(PROVIDED RECORDS):
☆ ☆ ☆ ☆

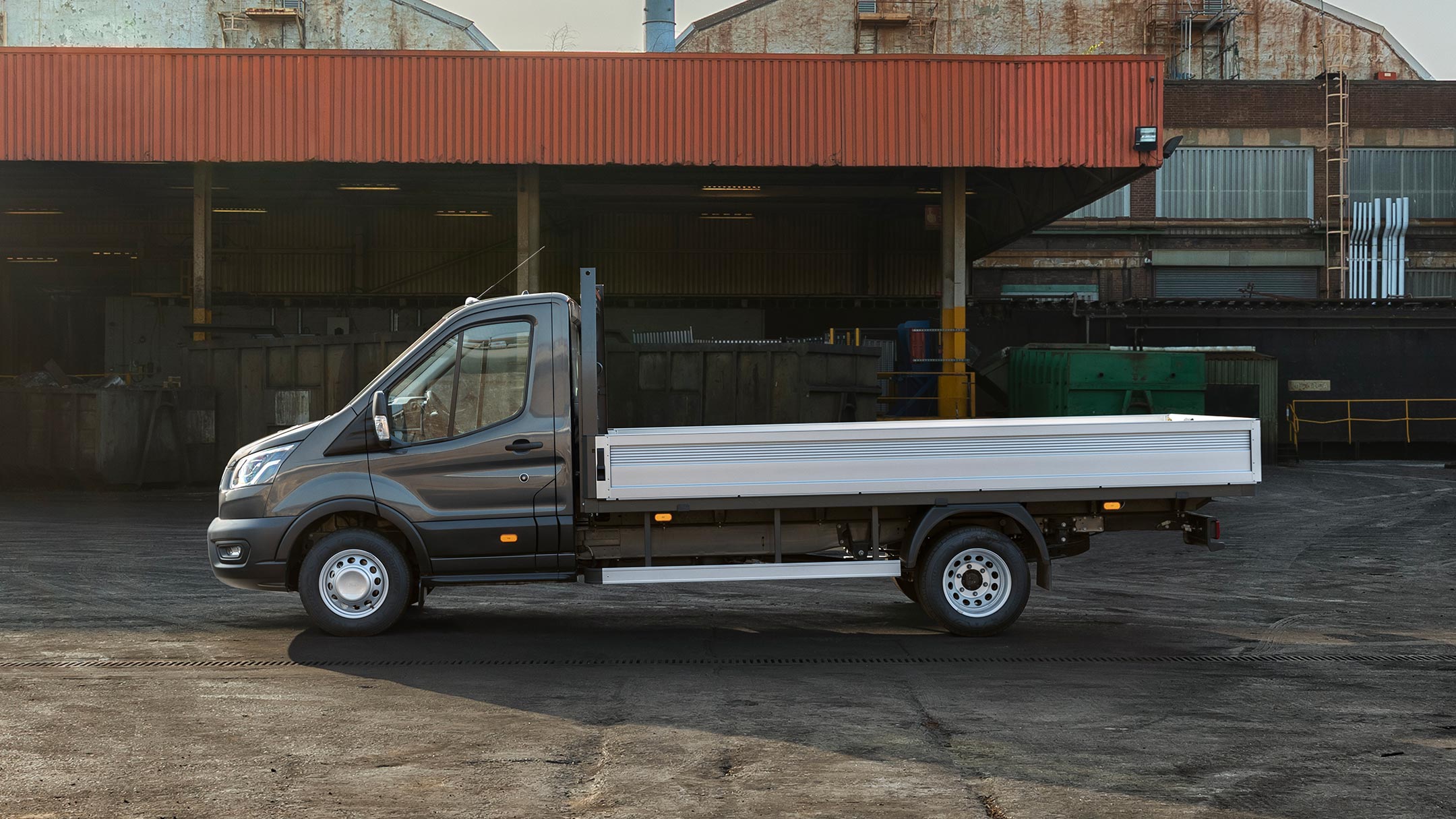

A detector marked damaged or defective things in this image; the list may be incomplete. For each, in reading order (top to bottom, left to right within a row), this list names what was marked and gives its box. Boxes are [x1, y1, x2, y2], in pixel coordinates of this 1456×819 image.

rusty metal surface [0, 47, 1159, 169]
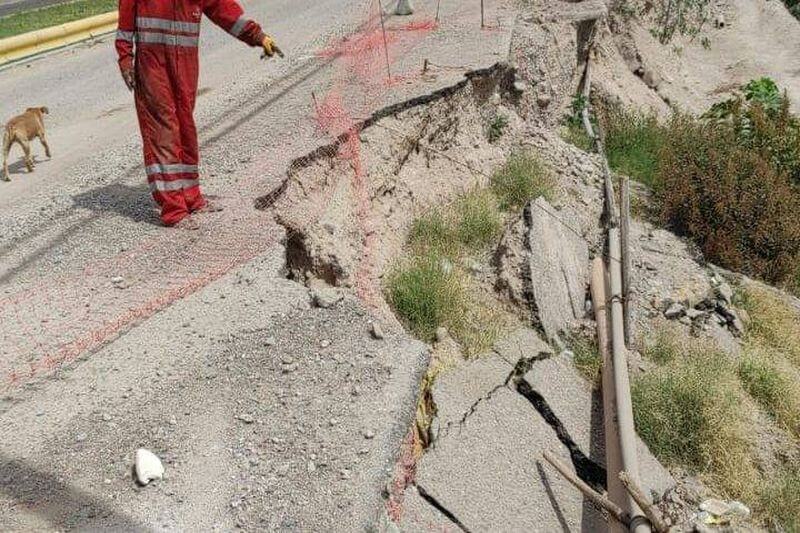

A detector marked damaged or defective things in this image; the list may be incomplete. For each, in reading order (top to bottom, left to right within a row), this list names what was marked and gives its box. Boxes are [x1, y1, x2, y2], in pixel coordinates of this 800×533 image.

broken concrete chunk [134, 446, 163, 484]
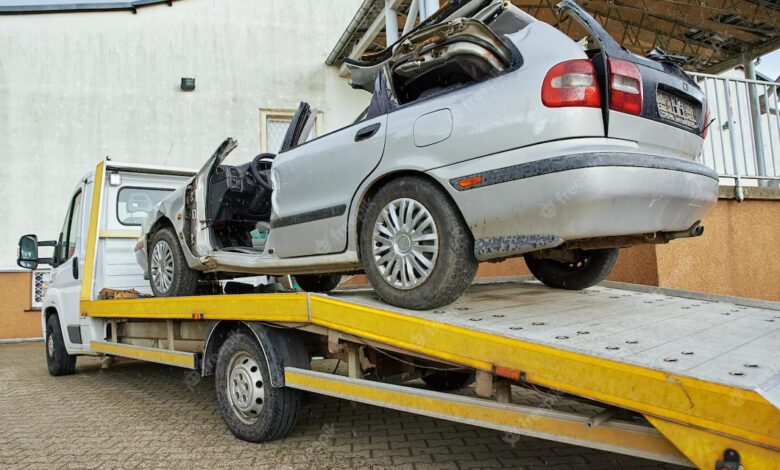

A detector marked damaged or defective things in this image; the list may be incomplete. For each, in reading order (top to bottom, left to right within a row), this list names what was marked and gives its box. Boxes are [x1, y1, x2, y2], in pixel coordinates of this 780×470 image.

damaged silver car [136, 0, 720, 310]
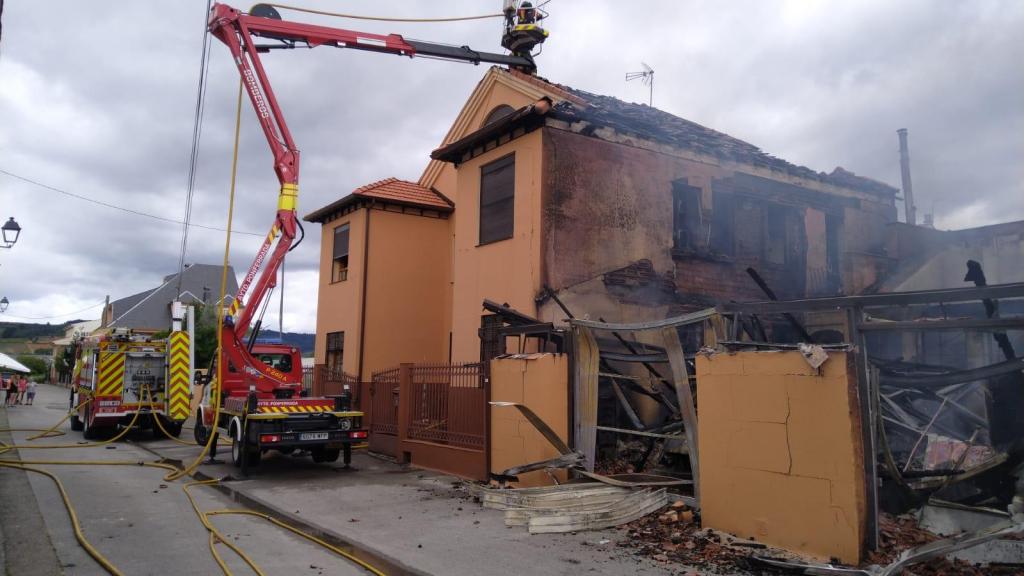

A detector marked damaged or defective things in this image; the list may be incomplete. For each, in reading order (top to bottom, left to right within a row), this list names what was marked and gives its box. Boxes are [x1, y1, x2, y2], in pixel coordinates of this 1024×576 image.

damaged roof [436, 67, 900, 197]
damaged roof [302, 176, 450, 223]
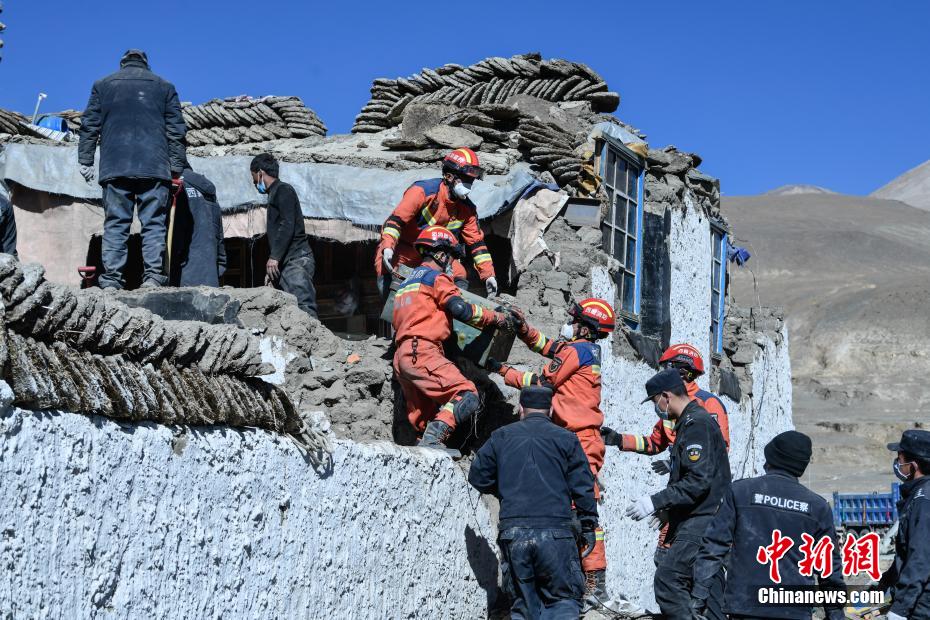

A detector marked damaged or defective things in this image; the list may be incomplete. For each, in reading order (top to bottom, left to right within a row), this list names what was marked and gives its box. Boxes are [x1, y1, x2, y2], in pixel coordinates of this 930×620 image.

earthquake damage [1, 50, 792, 616]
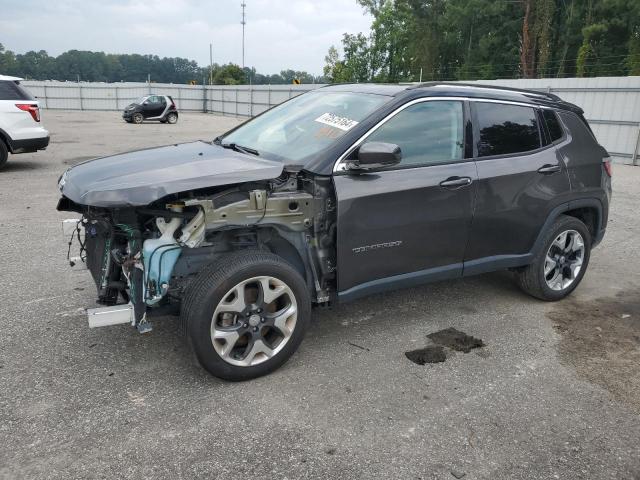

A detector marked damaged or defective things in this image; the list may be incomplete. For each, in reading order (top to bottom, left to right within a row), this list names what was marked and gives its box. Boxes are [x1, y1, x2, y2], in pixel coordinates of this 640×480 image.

crumpled hood [58, 139, 284, 206]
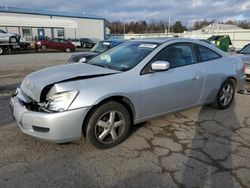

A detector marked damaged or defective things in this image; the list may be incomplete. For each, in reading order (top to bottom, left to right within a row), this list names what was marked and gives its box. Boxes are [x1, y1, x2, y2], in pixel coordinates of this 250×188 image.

cracked headlight [45, 90, 78, 111]
dented hood [20, 62, 120, 101]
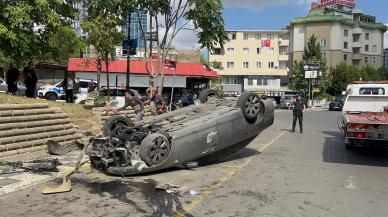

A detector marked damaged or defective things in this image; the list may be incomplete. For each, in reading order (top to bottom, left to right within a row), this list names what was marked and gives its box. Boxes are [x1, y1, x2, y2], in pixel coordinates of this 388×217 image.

overturned car [86, 90, 274, 175]
damaged vehicle roof [87, 90, 276, 175]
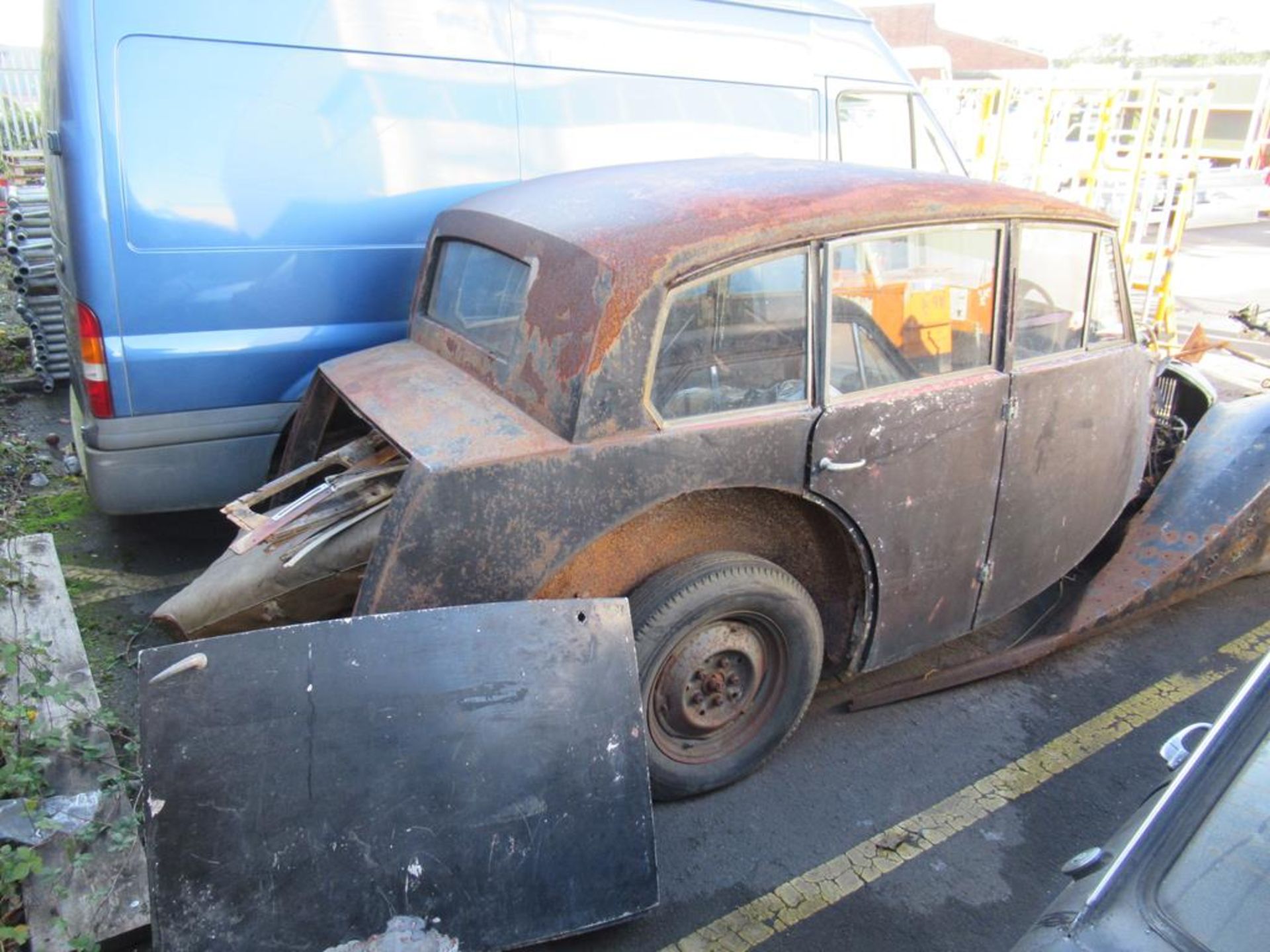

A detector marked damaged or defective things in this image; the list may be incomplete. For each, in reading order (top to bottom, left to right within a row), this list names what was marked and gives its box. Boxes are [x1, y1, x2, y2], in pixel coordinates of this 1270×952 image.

heavily rusted car [159, 160, 1169, 799]
corroded bodywork [159, 160, 1180, 682]
rusty wheel [632, 550, 831, 804]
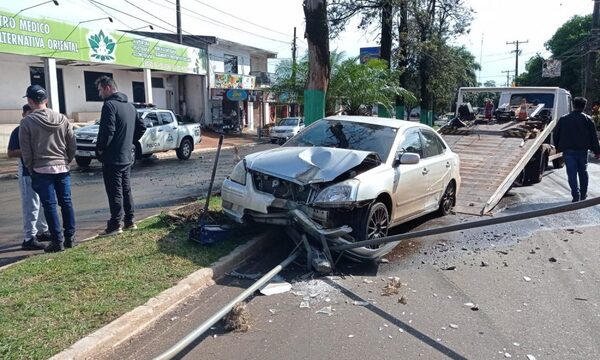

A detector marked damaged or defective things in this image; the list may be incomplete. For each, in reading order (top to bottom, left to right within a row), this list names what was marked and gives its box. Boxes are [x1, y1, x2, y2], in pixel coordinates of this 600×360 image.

damaged white car [220, 116, 460, 260]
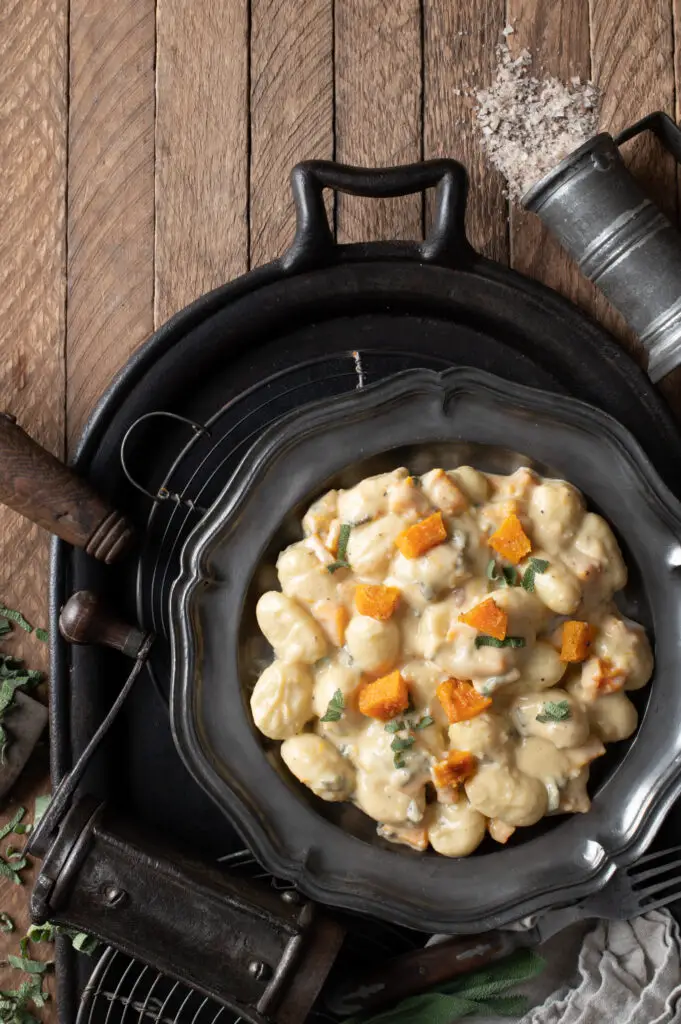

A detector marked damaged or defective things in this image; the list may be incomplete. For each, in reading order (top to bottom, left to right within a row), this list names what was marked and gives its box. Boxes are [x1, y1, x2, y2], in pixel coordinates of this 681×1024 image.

rusty metal utensil [522, 112, 681, 385]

☆ ☆ ☆ ☆

After locating the line containing "this 681×1024 image.", give that line and every later line of the listing again exactly, up to and including the last.

(EXERCISE OUTPUT):
A detector marked damaged or defective things in this image; the list may be incomplete. For each, in reading order (top to bottom, left to right within a row), this list names what was marked and gives its box. Boxes are [x1, y1, x2, y2], in pixel coordinates of this 681×1024 image.

rusty metal utensil [522, 112, 681, 385]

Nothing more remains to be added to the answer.